Von einer andern Schönheit Smyrnas habe ich allerdings etwas – denn ich esse sie, nämlich Weintrauben; Weintrauben wie man in Deutschland keinen Begriff von ihnen hat so groß, so saftig, so feurig, kurz – das Ideal von Trauben. Die Feigenzeit ist vorüber zu meinem tiefsten Bedauern. Für Feigen habe ich eine unglückliche Leidenschaft, denn ich kann sie gar nicht in Deutschland befriedigen, und hier ist ihre Zeit leider um. Die berühmten getrockneten werden auf eine höchst unappetitliche Weise präpariert: man macht die Hände mit Speichel naß und dann klatscht man zwischen ihnen die Feigen breit und packt sie in Tonnen fest aufeinander, so daß sie zusammen kleben. Bis sie nach Europa kommen sind sie so wie wir sie gern essen.
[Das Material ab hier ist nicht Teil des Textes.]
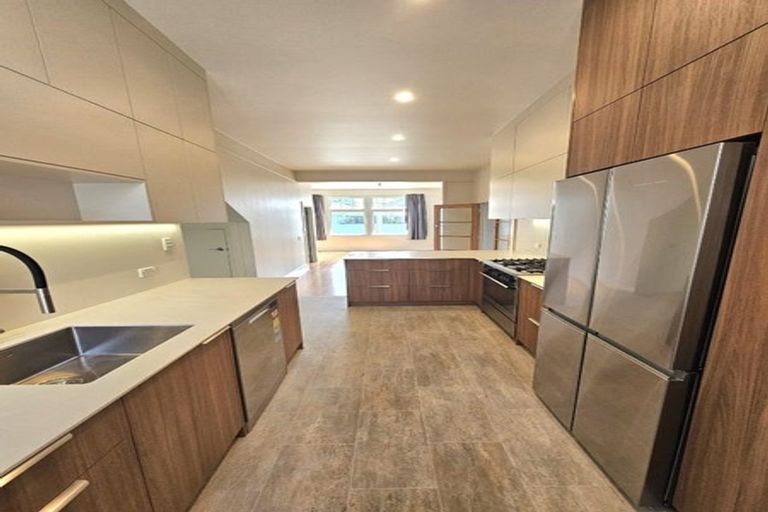 Photo of property in 512 Devon Street East, Strandon, New Plymouth, 4312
Die Gesellschaft von Smyrna macht, wie gesagt, noch ihre Villeggiatura, daher fand ich keinen der Konsuln an den ich Briefe hatte; aber heute kamen sie in aller Frühe in die Stadt. Der dänische Konsul erzählte mir: als er vor fast vierzig Jahren als ganz junger Mensch in seiner europäischen Heimat gewesen sei, habe er, ich weiß nicht durch wen, in Holstein einen alten Mann kennengelernt, der ihm durch seinen Geist und seine hohe seltene Bildung und seine Liebe für Astronomie einen ganz außerordentlichen Eindruck gemacht habe; und ob ich nicht mit ihm verwandt sei: es sei ein Herr von Hahn gewesen. Ich sagte ganz erfreut: das war mein Großvater, und auch er freute sich die Enkelin hier willkommen zu heißen. Aber es war mir recht merkwürdig nach so langen Jahren, an der Küste des ionischen Meeres, von einem mir ganz unbekannten Mann den Namen meines Großvaters so in Ehren gehalten zu finden.

Später machten wir einen großen Gang durch die Stadt und hinauf zu dem Berge, auf dem die enormen Ruinen des alten Schlosses liegen, das ehedem die Stadt beherrschte und zur römischen Zeit sehr prachtvoll war, jetzt aber nur noch aus wenig Gemäuer, aber unglaublich viel Schutt besteht. Da übersieht man Smyrna, dessen Türkenquartier an einem Abhang dieses Berges, ganz getrennt vom Frankenquartier, wie eine besondre Stadt gelagert ist; die Ebene, die wie ein Leopardenfell aussieht, gelblich mit dunklen Flecken – das sind die Gärten und die bebauten Felder; und dann das Meer von hohen Bergen umringt, die doch keine Mauer gegen den Sturm bilden, der es zerwühlt. Es war zu stürmisch da oben um sich lange aufzuhalten. Eine Schafherde stand ängstlich zusammengedrängt zwischen den Trümmern, nicht wagend nach spärlicher Nahrung umherzusuchen, und der bewaffnete Hirte der sie hütete, konnte auch nichts zu ihrem Schutz tun. Wir flogen wahrhaft bergab; und es tat mir sehr leid, daß ich hernach, durch den unendlichen Schmutz des Judenquartiers, nicht auch fliegen konnte. Vorher, in der Frankenstadt waren wir in einige Häuser getreten, die gar einladend aussahen. Der Vorsaal ist immer so breit wie die Haustür und so tief wie das ganze Haus, mit Fußboden von Marmor und breiten Sofas; in der Tiefe ohne Tür, sodaß man durch eine Veranda von Weinreben oder Rosen in ein Gärtchen hineintritt, das freilich auch nur wenig Ellen breit, aber bunt und duftig, und im Hintergrund meistens mit einem Fontänchen geschmückt ist. Wie das lieblich aussieht, von der Straße aus durch die Haustüren in die heimlich lockenden Gärtchen zu schauen, besonders wenn eine schöne Frau im kühlen, halbdunklen Vorsaal sitzt! – Plötzlich muß ich die Feder fortwerfen und an Bord. Ade! Ade!